I have two dataframes that need a complex join operation going beyond panda's merge capability.
Dataframe 1 is a set of account records, where there are multiple GUIDs mapping to individual RIDS. However, they are guaranteed to have nonoverlapping start and end dates.
df1 = pd.DataFrame({'StartDate': pd.date_range('2010-01-01', periods=4, freq='5D'),
'EndDate': pd.date_range('2010-01-04', periods=4, freq='5D'),
'rid': ['A', 'A', 'A', 'B'],
'GUID': ['1', '2', '3', '4']})
>>> df1
StartDate EndDate rid GUID
0 2010-01-01 2010-01-04 A 1
1 2010-01-06 2010-01-09 A 2
2 2010-01-11 2010-01-14 A 3
3 2010-01-01 2010-01-19 B 4
Dataframe 2 is a set of transactions by date and RID.
rid_list = [random.choice(("A", "B")) for x in range(50)]

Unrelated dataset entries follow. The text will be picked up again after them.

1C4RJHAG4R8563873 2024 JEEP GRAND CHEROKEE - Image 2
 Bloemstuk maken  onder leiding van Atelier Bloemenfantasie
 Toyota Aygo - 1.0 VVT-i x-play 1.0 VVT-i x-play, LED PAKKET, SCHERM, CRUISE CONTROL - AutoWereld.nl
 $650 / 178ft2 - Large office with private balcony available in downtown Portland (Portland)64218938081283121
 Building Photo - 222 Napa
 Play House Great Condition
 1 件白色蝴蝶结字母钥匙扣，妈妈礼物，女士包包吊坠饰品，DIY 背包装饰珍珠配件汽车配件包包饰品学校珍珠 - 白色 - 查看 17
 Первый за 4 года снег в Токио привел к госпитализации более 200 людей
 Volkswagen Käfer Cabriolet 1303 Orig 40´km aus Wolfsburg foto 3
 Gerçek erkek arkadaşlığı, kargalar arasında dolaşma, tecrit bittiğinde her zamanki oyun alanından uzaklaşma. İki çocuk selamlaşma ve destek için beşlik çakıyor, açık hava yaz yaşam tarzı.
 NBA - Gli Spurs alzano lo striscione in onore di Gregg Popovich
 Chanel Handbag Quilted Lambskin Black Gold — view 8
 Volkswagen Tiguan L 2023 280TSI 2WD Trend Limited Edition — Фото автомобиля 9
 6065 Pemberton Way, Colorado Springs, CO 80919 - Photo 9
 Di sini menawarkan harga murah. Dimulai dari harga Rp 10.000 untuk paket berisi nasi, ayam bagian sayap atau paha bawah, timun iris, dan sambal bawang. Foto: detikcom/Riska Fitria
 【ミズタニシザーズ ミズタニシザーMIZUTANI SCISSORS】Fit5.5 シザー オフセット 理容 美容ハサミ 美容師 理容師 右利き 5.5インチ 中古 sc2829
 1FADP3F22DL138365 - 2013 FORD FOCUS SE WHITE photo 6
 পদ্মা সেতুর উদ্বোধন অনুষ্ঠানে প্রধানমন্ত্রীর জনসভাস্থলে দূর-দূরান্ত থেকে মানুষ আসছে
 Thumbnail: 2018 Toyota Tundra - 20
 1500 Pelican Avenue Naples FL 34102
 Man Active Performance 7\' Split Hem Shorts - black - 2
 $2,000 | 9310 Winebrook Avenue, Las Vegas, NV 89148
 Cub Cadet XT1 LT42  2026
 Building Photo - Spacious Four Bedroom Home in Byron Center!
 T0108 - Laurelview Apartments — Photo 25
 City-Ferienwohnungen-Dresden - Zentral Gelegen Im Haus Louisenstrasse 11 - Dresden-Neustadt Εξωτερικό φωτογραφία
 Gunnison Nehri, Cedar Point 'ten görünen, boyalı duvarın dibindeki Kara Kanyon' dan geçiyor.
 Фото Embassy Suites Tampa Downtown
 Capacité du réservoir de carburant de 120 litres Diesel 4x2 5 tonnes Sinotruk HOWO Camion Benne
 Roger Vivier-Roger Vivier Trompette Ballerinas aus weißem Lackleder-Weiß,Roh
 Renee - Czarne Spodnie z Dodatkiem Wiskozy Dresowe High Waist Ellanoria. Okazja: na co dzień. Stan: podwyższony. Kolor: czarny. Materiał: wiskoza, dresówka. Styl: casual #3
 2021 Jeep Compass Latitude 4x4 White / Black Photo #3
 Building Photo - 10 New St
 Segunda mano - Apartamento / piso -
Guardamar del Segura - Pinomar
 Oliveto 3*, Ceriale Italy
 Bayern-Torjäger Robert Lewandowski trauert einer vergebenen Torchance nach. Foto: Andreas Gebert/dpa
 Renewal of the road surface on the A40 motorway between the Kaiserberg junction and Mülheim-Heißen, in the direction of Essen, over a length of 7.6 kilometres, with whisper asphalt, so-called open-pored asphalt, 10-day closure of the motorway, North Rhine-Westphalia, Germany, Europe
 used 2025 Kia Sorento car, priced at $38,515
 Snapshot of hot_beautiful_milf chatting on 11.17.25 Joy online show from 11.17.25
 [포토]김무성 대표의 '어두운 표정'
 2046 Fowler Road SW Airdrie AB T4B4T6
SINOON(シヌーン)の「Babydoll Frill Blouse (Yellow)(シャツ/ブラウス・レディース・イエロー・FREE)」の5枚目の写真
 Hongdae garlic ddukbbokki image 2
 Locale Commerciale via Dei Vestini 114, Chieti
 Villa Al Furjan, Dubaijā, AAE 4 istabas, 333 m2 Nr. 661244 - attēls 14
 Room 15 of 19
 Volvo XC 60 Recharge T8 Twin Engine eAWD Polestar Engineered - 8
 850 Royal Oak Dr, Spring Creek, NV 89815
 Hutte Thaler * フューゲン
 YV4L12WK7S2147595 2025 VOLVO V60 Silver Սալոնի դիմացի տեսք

df2 = pd.DataFrame(dict(values=np.random.randn(
50), date_time=pd.date_range('2010-01-01', periods=50, freq='D'), rid=rid_list))
>>> df2.head()
values date_time rid
0 -0.214056 2010-01-01 A
1 0.168259 2010-01-02 A
2 -1.214433 2010-01-03 B
3 0.314966 2010-01-04 A
4 1.953925 2010-01-05 B
5 -0.027883 2010-01-06 A
6 -0.207795 2010-01-07 B
7 0.530119 2010-01-08 A
8 -0.297716 2010-01-09 B
9 2.080151 2010-01-10 B
I need to associate the correct GUID to each one, but have been unable to do so with pandas. For example, the very first row of a correctly joined df1 and df2 will have a GUID of 1, since it is A and occurs within GUID 1's timeframe.
>>> df2.head()
values date_time rid GUID
0 -0.214056 2010-01-01 A 1
1 0.168259 2010-01-02 A 1
2 -1.214433 2010-01-03 B 4
3 0.314966 2010-01-04 A 1
4 1.953925 2010-01-05 B 4
5 -0.027883 2010-01-06 A 2
6 -0.207795 2010-01-07 B 4
7 0.530119 2010-01-08 A 2
8 -0.297716 2010-01-09 B 4
9 2.080151 2010-01-10 B 4
From this thread, Merging dataframes based on date range, I thought a np.piecewise solution would work:
df2['GUID'] = np.piecewise(np.zeros(len(df2)), [(df2.date_time.values >= start_date) & (
df2.date_time.values <= end_date) & (df2.rid == rid) for start_date, end_date, rid in zip(df1.StartDate.values, df1.EndDate.values, df1.rid.values)], df1.GUID.values)
Unfortunately this returns:
ValueError: with 1 condition(s), either 1 or 2 functions are expected
Any ideas how to do this? I used pandasql in the past to handle this, but encountered scalability issues around it.